Agate Technologies Inc. has just released a small solidstate storage device called Q. Banking on the fact that every PC and laptop made since about 1998 has a USB port, Agate (pronounced "ah-GAH-tay") made Q terminate in a standard USB connector. The core product holds 64MB and retails for $199, although there is a 16MB alternative for $69. A 32MB version for around $100 and a 128MB model for around $300 are due later in 2001, but Agate is already talking to vertical-market systems vendors about making branded or custom devices in any available chip capacity.
Mounted inside a Q is a NOR semiconductor memory chip, its attendant controller chips, and the USB bus circuitry. But a Q is the size of a grownup's thumb: about two inches long, less than an inch wide, and less than half an inch thick. It's also concave on one side, so it feels like those smooth stones that people rub for good luck. And like a charm, it could be hooked to a key-ring through a loop at the opposite end from the USB connector.

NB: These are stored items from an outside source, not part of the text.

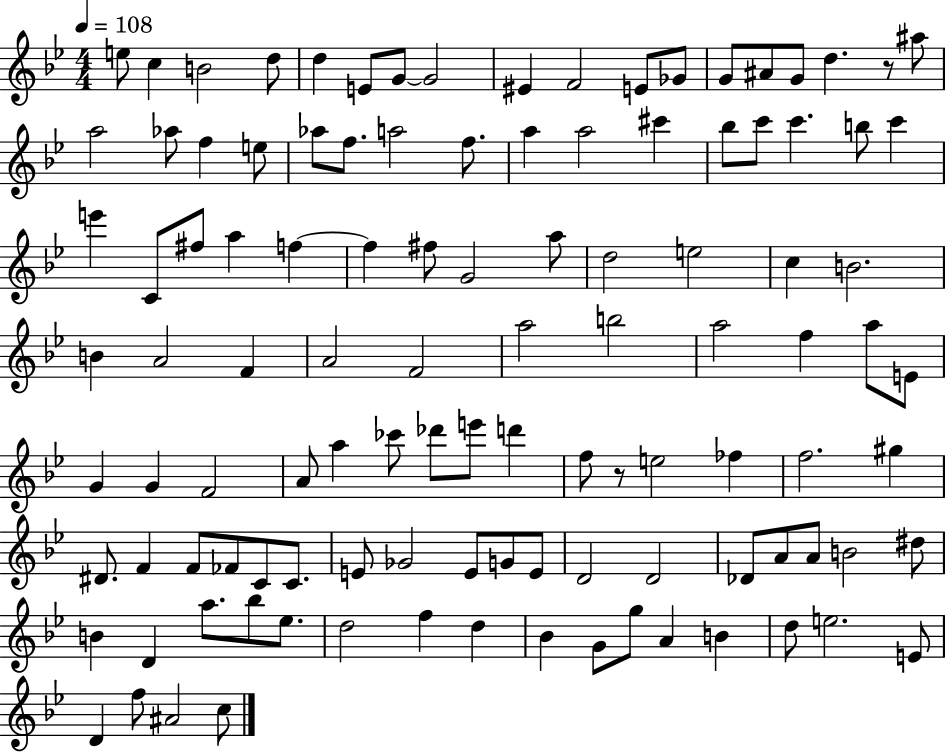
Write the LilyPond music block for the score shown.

{
  \clef treble
  \numericTimeSignature
  \time 4/4
  \key bes \major
  \tempo 4 = 108
  \repeat volta 2 { e''8 c''4 b'2 d''8 | d''4 e'8 g'8~~ g'2 | eis'4 f'2 e'8 ges'8 | g'8 ais'8 g'8 d''4. r8 ais''8 | \break a''2 aes''8 f''4 e''8 | aes''8 f''8. a''2 f''8. | a''4 a''2 cis'''4 | bes''8 c'''8 c'''4. b''8 c'''4 | \break e'''4 c'8 fis''8 a''4 f''4~~ | f''4 fis''8 g'2 a''8 | d''2 e''2 | c''4 b'2. | \break b'4 a'2 f'4 | a'2 f'2 | a''2 b''2 | a''2 f''4 a''8 e'8 | \break g'4 g'4 f'2 | a'8 a''4 ces'''8 des'''8 e'''8 d'''4 | f''8 r8 e''2 fes''4 | f''2. gis''4 | \break dis'8. f'4 f'8 fes'8 c'8 c'8. | e'8 ges'2 e'8 g'8 e'8 | d'2 d'2 | des'8 a'8 a'8 b'2 dis''8 | \break b'4 d'4 a''8. bes''8 ees''8. | d''2 f''4 d''4 | bes'4 g'8 g''8 a'4 b'4 | d''8 e''2. e'8 | \break d'4 f''8 ais'2 c''8 | } \bar "|."
}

So a Q is oddly shaped and larger, compared to a CompactFlash or SmartMedia card. But the user doesn't need a "reader" accessory for it-- neither an insert to a drive bay, nor an adapter in the PC Card or floppy-disk form factor-- just a USB port.
And with Q being truly thumb-sized, Agate's VP of Strategy Jim Plant is exploring the possibility of adding a biometric security sensor to the plastic housing: specifically a thumbprint reader. That would enable it to read or write data only in the hands (literally) of one designated user. "With all that memory on board," he told me, "Q could hold most of a patient's medical records, including some scanned images. And as a substitute for an ATM card, it would be a whole lot smarter than the smartest smart-card."
Compatibility
Technically the only thing harder than making a new optical storage device is making it backward-compatible with something else. And marketing-wise, you can't count on owners of legacy data rushing to make their old media obsolete. (That's why I'm not sanguine about Sony's UDO.)

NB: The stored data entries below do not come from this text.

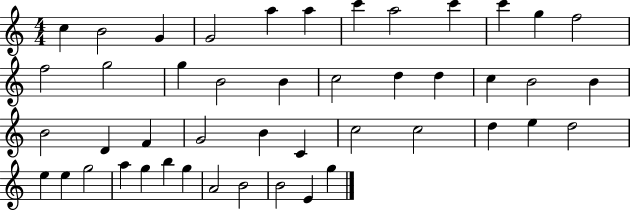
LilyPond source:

{
  \clef treble
  \numericTimeSignature
  \time 4/4
  \key c \major
  c''4 b'2 g'4 | g'2 a''4 a''4 | c'''4 a''2 c'''4 | c'''4 g''4 f''2 | \break f''2 g''2 | g''4 b'2 b'4 | c''2 d''4 d''4 | c''4 b'2 b'4 | \break b'2 d'4 f'4 | g'2 b'4 c'4 | c''2 c''2 | d''4 e''4 d''2 | \break e''4 e''4 g''2 | a''4 g''4 b''4 g''4 | a'2 b'2 | b'2 e'4 g''4 | \break \bar "|."
}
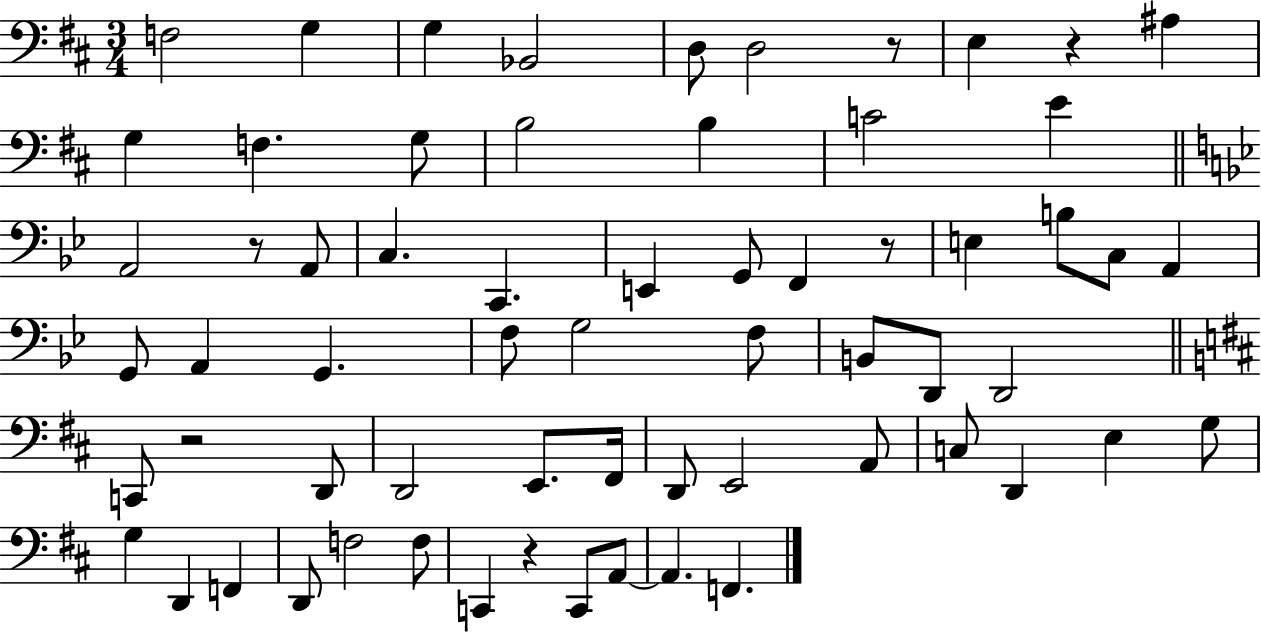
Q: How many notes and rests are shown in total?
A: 64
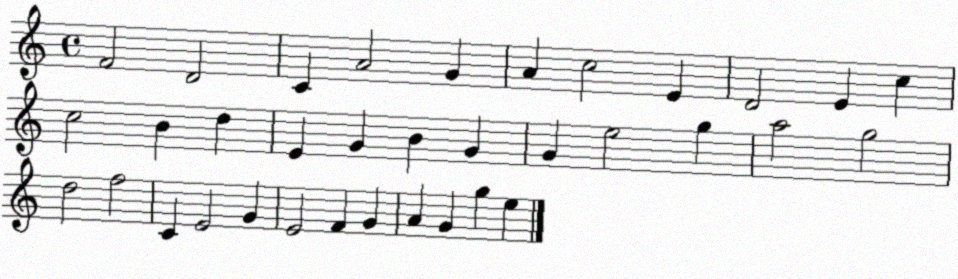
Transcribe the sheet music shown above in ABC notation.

X:1
T:Untitled
M:4/4
L:1/4
K:C
F2 D2 C A2 G A c2 E D2 E c c2 B d E G B G G e2 g a2 g2 d2 f2 C E2 G E2 F G A G g e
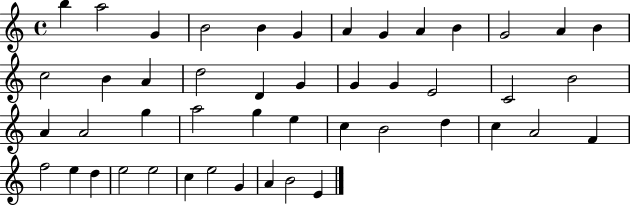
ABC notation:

X:1
T:Untitled
M:4/4
L:1/4
K:C
b a2 G B2 B G A G A B G2 A B c2 B A d2 D G G G E2 C2 B2 A A2 g a2 g e c B2 d c A2 F f2 e d e2 e2 c e2 G A B2 E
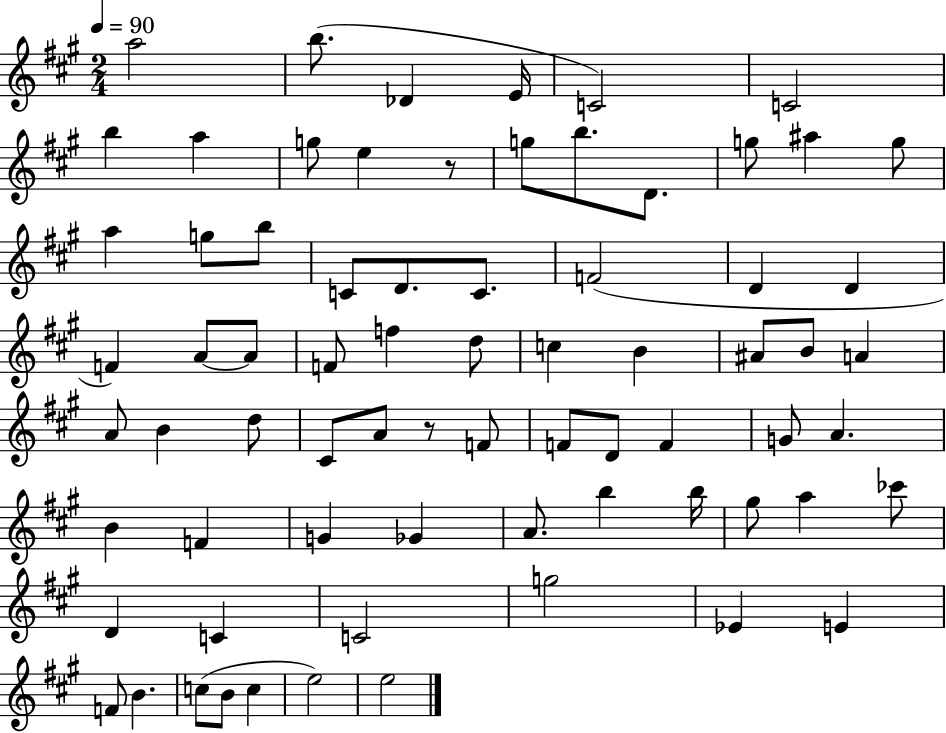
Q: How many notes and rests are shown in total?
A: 72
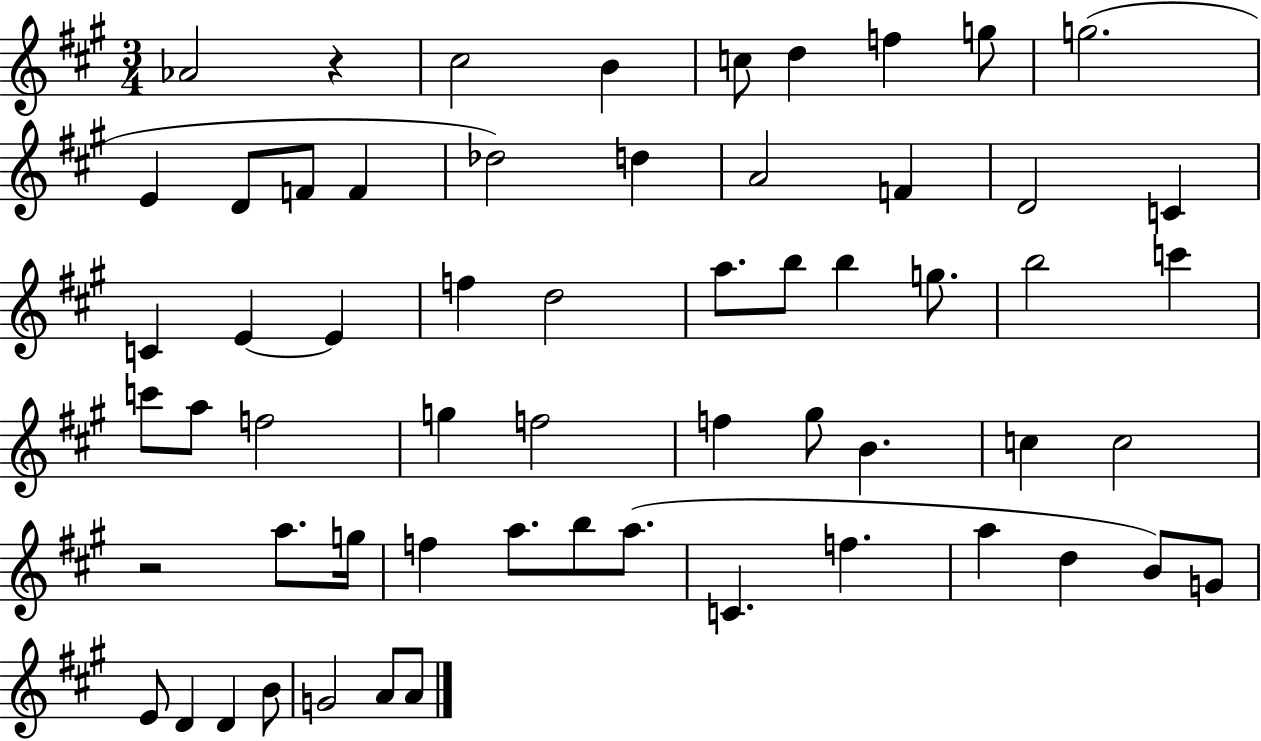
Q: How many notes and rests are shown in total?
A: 60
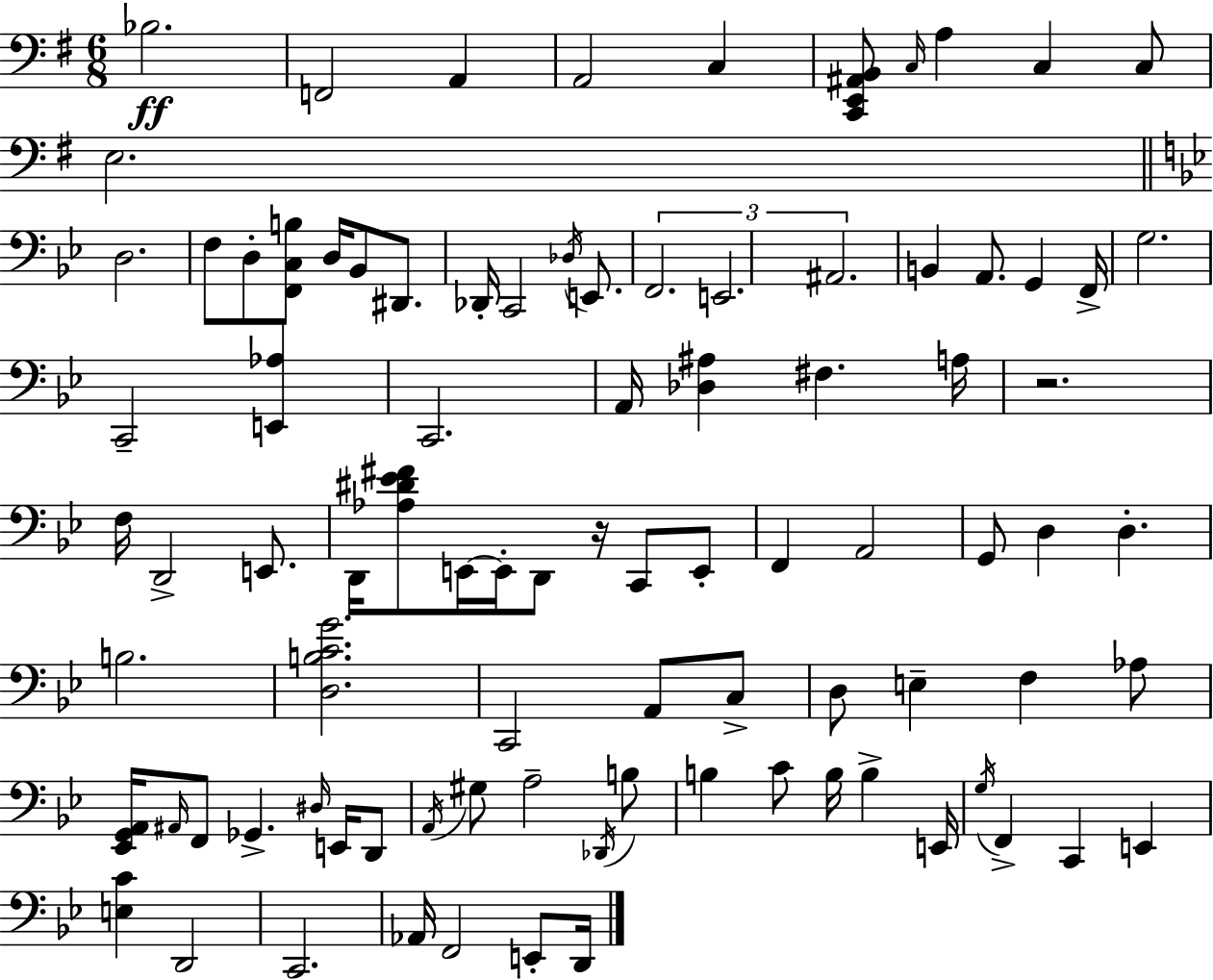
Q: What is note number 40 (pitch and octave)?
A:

But a company called Calimetrics is promising to triple the capacities of nearly all of today's optical storage systems, some time in 2001-- at an extra cost to drive manufacturers of what chairman Tom Burke projects will be only a $20 chipset.
"We've shown that we can write to any media that's based on spot reflectivity, including dye-based write-once media like CD-R and DVD-R, and to phase-change media such as rewritable CD and DVD-- including Sony's proposed double-density CD media. What we can't write to," Burke acknowledged, "is MO media."
Here's how it works. Traditionally a recorded spot is either highly reflective or it's not, so it can be interpreted in just two ways (a logical one or a logical zero). Calimetrics's approach is called "multilayer" recording, but it doesn't involve multiple recording layers. As Burke explains it: "If a spot exhibits one of eight different levels of reflectivity-- that is: one of eight states of grayness, in a range of lightness to darkness--it can be interpreted in eight different ways. Eight is 'two-to-the-third power,' which means that the spot can be recorded as any one of three distinct data bits.
"The transfer rate goes up too," he noted, "because, at any given rotational speed, we can record three times faster. Theoretically we could read data three times faster, but in reading we're limited more by the data rate of the drive's internal controller, bus, and so on. The important thing to remember, however, is that everything else is the same as in a conventional drive and that it will still write and read its standard media."